While Stamos’ observatory hopes to access some companies’ data through Social Science One and through the observatory’s own direct negotiations, in other cases it plans to take a more direct approach: Simply scraping up public data without asking permission. After all, Stamos points out, much of the internet’s extremist and abusive behavior lives on sites like 4chan, 8chan, Voat and Gab, not the mainstream sites that might partner with his project. While scraping those sites might seem intrusive, Stamos points out that users of these sites are generally anonymous by default and public in their postings.
“Right now you cannot study what led to the Christchurch shooting, because that data has been intentionally pulled off and purged to cover tracks,” Stamos says, referring to the shooting of 51 people in a New Zealand mosque, an act whose perpetrator posted a manifesto to the fringe social media site 8chan. Privacy issues around those sites, says Stamos, are “something we’re well aware of, and we’re trying to be careful about in our use of this. But in the end if you want to understand these problems you can’t do so without understanding the darkest corners of the internet.”
From Security to ‘Abusability’ Education
Stamos’ Internet Observatory idea came into being when he met Craig Newmark at an Aspen Cybersecurity Summit reception last summer. Newmark, who has given more than $100 million to projects focused on what he describes as “information warfare,” says he was impressed with the approach Stamos described. “This is real World War II, greatest generation stuff. The need is dire, the emergency is real,” Newmark says. “People have to stand up and be patriots. That means platforms, and researchers and funders. Alex and people like him are on the front lines.”
More broadly, Stamos says his goal with the observatory—and his plans for a Stanford undergraduate education program linked to it—is to push for more systematic thinking about abuse across tech firms, a shift he describes as similar to the cybersecurity evolution the tech industry underwent 20 years ago.

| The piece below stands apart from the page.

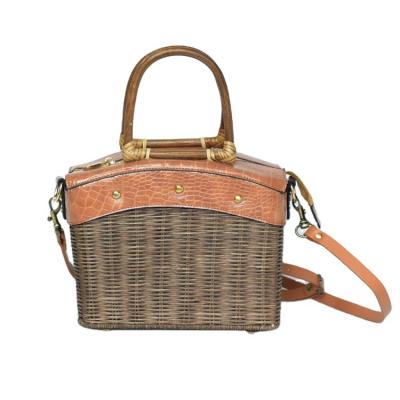 China And American fashion summer saddle solid bag European style lock woven soft handle oval medium khaki bag for sale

Back then, when Stamos was beginning his career at the legendary cybersecurity consultancy @stake, companies were just waking up to the insecurity of their code, and learning to cooperate with the academic researchers and white hat hackers poking holes in their products.
“We’re now in that same place with bigger trust, safety and privacy issues, in that our industry doesn’t know how to build software that can be trusted by users to operate in their best interest and protect them from all these kinds of abuse,” Stamos says. He argues a new generation of engineers needs to learn to think just as systematically about abusability as they do about security—how their tools can have unexpected and dangerous effects in the real world. “If you just have the skillset you normally get from a computer science education, you’re complete unprepared for the kinds of abuse that will happen on your product.”
Through a combination of education, research, and lobbying, Stamos hopes his observatory can nudge the tech industry towards taking those abusability problems seriously—and show them real solutions based on deep analysis across the entire internet’s data. “If we want companies to make smart decisions, we have to create the intellectual framework for them to base it on, and we have to lobby them as well,” Stamos says. “The unfortunate truth is that the most important decisions in balancing privacy and safety online are not being made in DC, Brussels, or Paris. They’re being made in Silicon Valley.”